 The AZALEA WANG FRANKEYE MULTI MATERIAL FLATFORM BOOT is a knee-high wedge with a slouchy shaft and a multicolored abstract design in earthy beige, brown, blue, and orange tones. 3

* * *

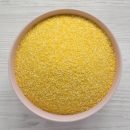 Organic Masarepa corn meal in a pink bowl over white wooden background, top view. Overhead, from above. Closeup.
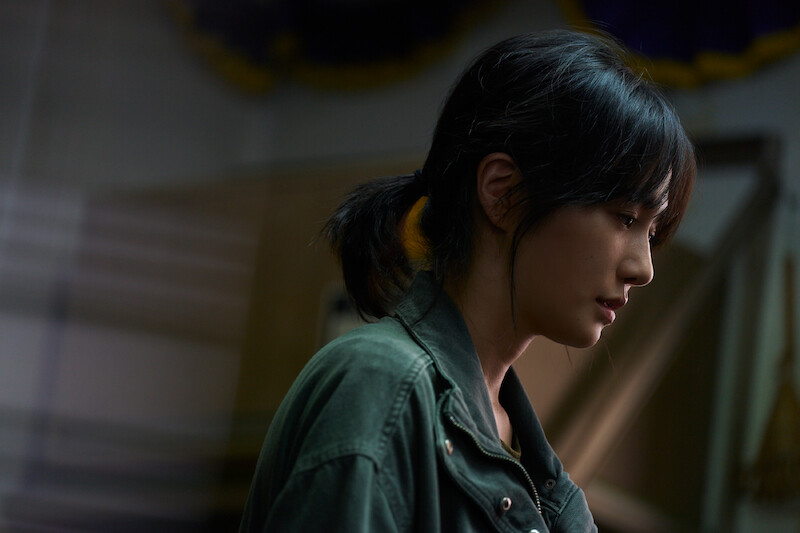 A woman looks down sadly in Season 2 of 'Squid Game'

* **Prompt**
Excluding any pictures, print exactly the lines of the listing above from the line with "Organic Masarepa corn" to the line with "A woman looks", both ends included.

* **Solution to this task**
 Organic Masarepa corn meal in a pink bowl over white wooden background, top view. Overhead, from above. Closeup.
 A woman looks down sadly in Season 2 of 'Squid Game'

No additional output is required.